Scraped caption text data

..............................

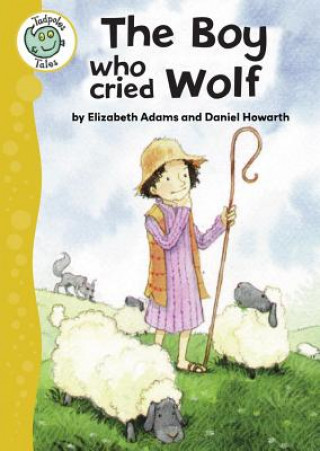 Книга Boy Who Cried Wolf Daniel Howarth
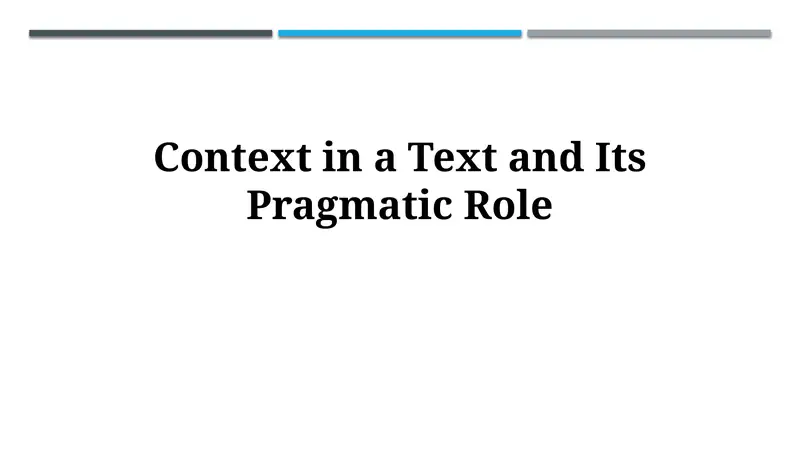 Context in a Text and Its PragmaticRole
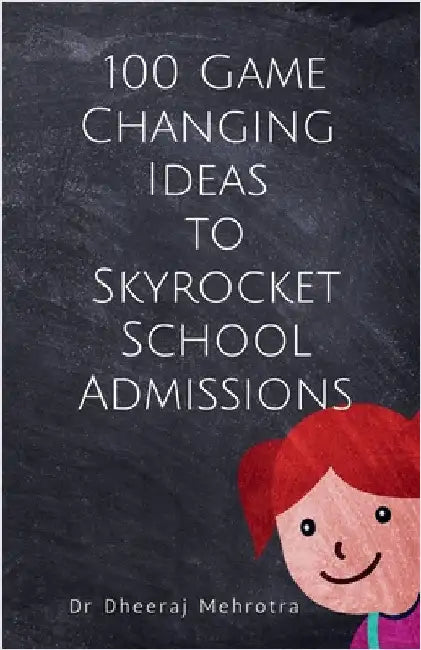 100 Game-Changing Ideas to Skyrocket School Admissions by Dr Dheeraj Mehrotra
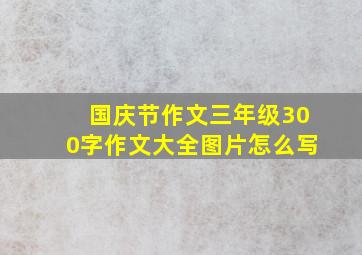 国庆节作文三年级300字作文大全图片怎么写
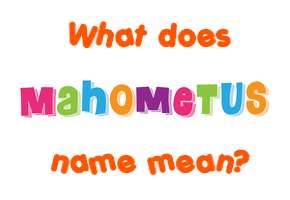 Meaning of Mahometus Name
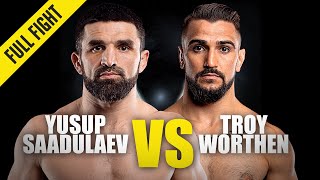 Yusup Saadulaev vs. Troy Worthen | ONE Championship Full Fight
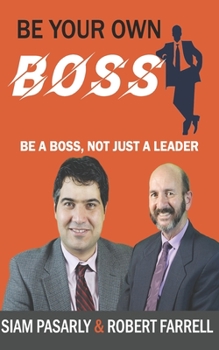Paperback Be Your Own Boss: Be a Boss, Not Just a Leader Book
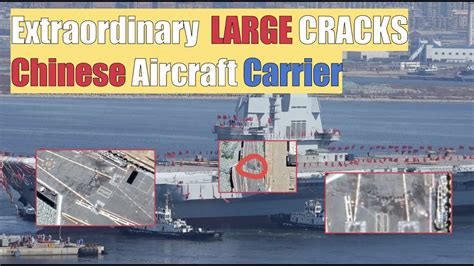 Extraordinary Large Cracks Chinese Aircraft Carrier Youtube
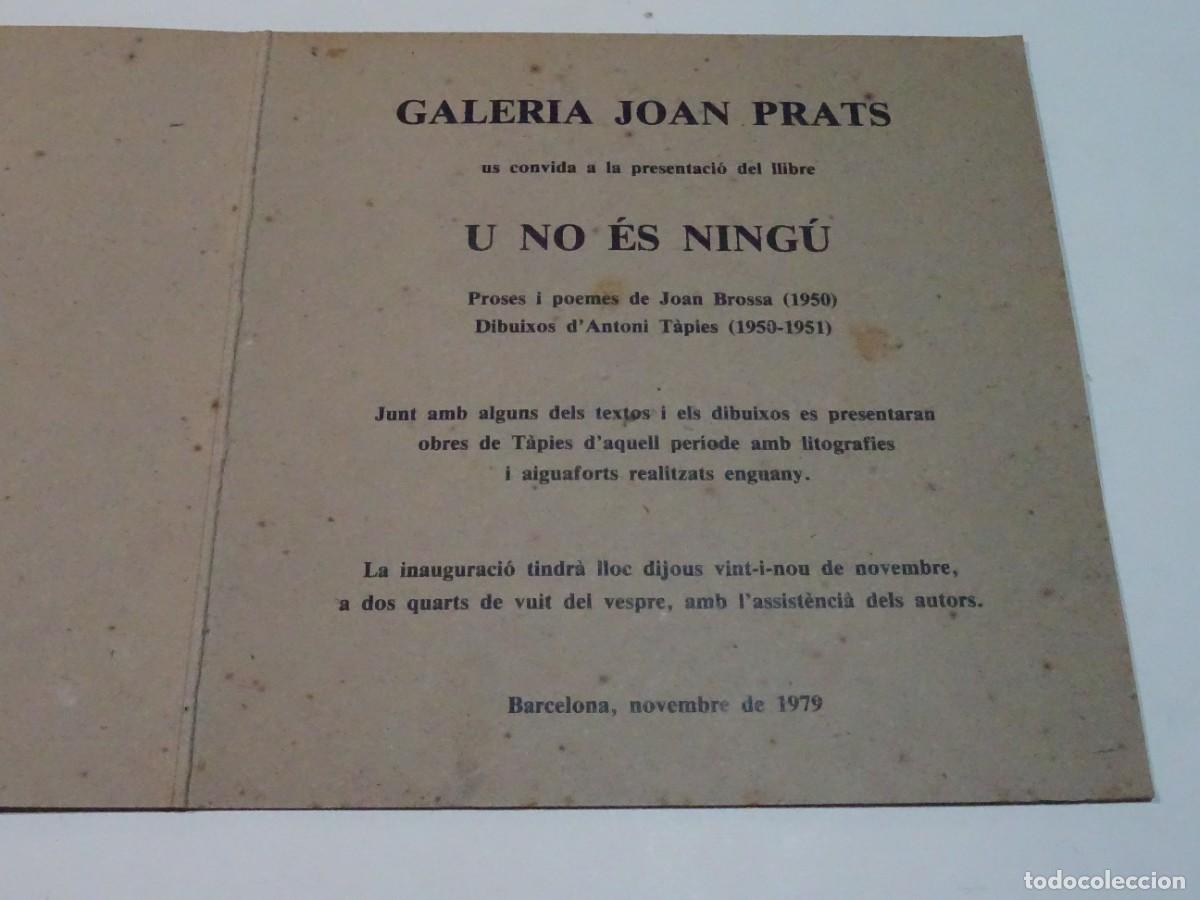 Libros de segunda mano: Presenta Galeria Joan Prat - Llibre U NO &Eacute;S NING&Uacute; - Poemes Joan Brossa / Dibuixos Antoni T&agrave;pies 1979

..............................

#### WHAT YOU NEED TO DO:
Copy every record above exactly, leaving out the pictures.

#### RESPONSE:
 Книга Boy Who Cried Wolf Daniel Howarth
 Context in a Text and Its PragmaticRole
 100 Game-Changing Ideas to Skyrocket School Admissions by Dr Dheeraj Mehrotra
 国庆节作文三年级300字作文大全图片怎么写
 Meaning of Mahometus Name
 Yusup Saadulaev vs. Troy Worthen | ONE Championship Full Fight
Paperback Be Your Own Boss: Be a Boss, Not Just a Leader Book
 Extraordinary Large Cracks Chinese Aircraft Carrier Youtube
 Libros de segunda mano: Presenta Galeria Joan Prat - Llibre U NO &Eacute;S NING&Uacute; - Poemes Joan Brossa / Dibuixos Antoni T&agrave;pies 1979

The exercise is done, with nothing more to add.